- RECORDED DATA -
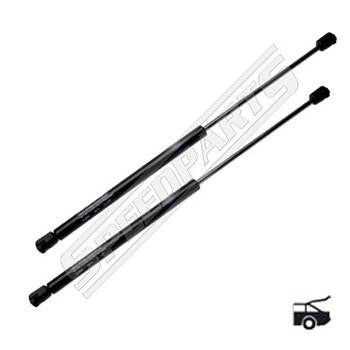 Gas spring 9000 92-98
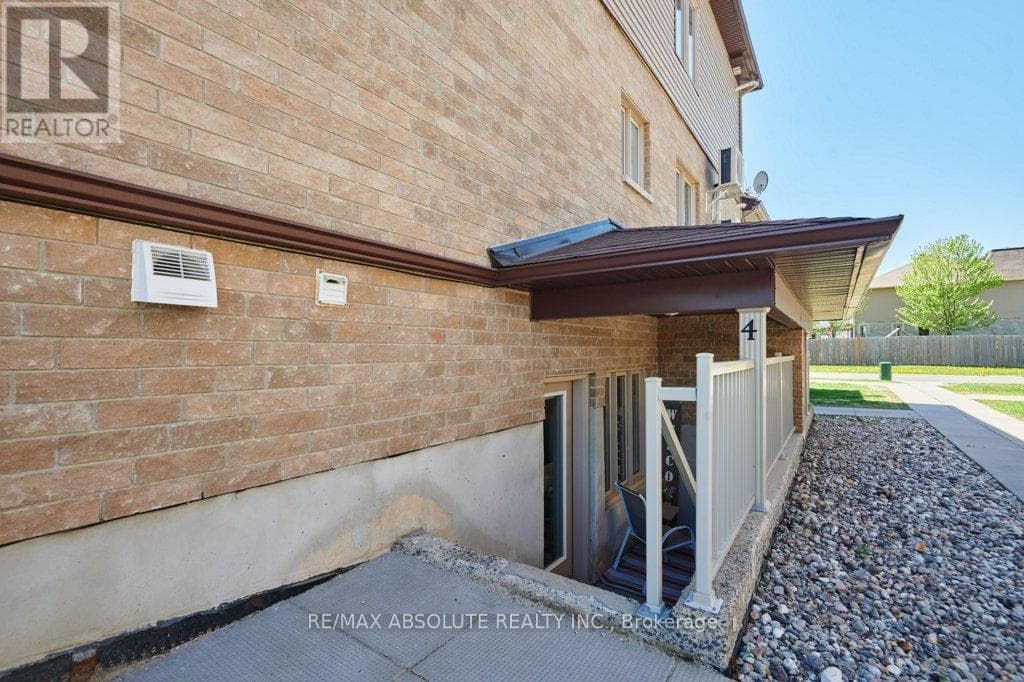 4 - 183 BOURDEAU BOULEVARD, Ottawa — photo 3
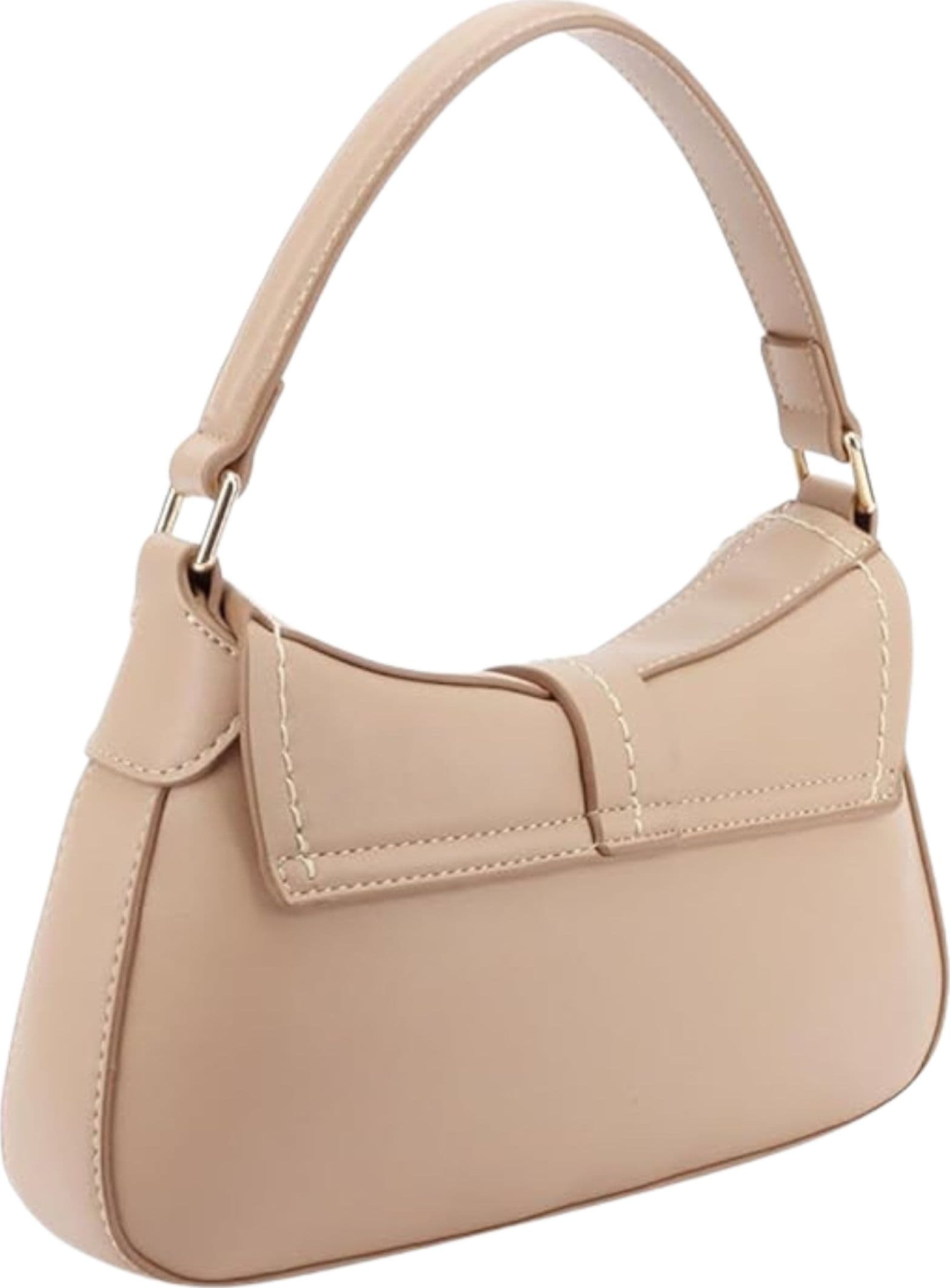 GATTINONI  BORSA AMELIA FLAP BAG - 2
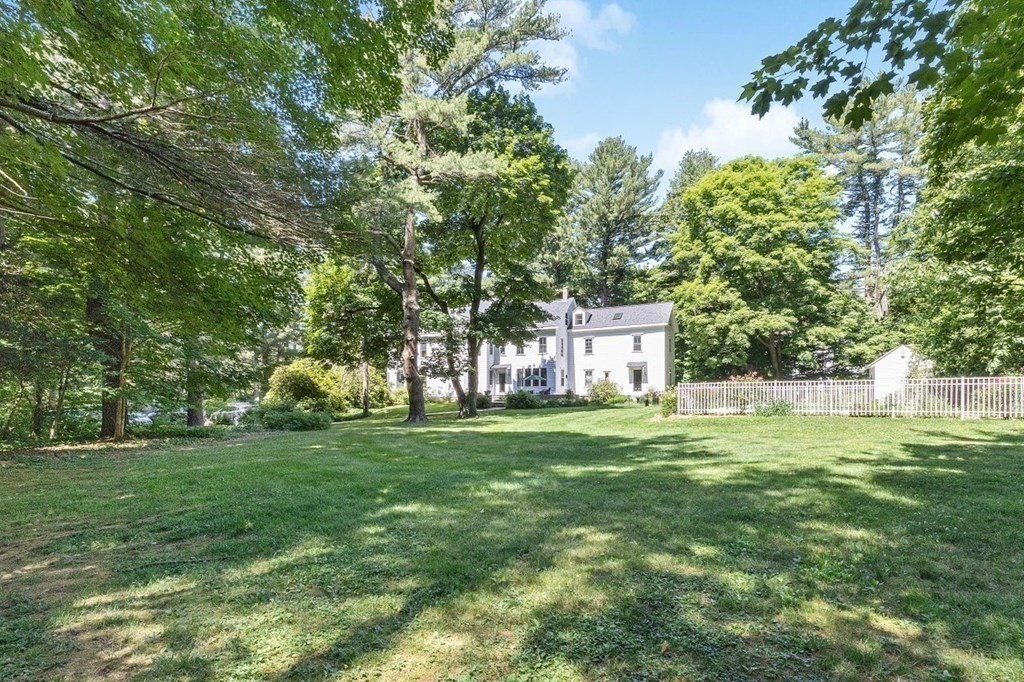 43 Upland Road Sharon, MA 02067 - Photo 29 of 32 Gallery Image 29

- TASK TO COMPLETE -
Please copy out the whole listing exactly, minus its pictures.

- OUTPUT FOR THIS TASK -
 Gas spring 9000 92-98
 4 - 183 BOURDEAU BOULEVARD, Ottawa — photo 3
 GATTINONI  BORSA AMELIA FLAP BAG - 2
 43 Upland Road Sharon, MA 02067 - Photo 29 of 32 Gallery Image 29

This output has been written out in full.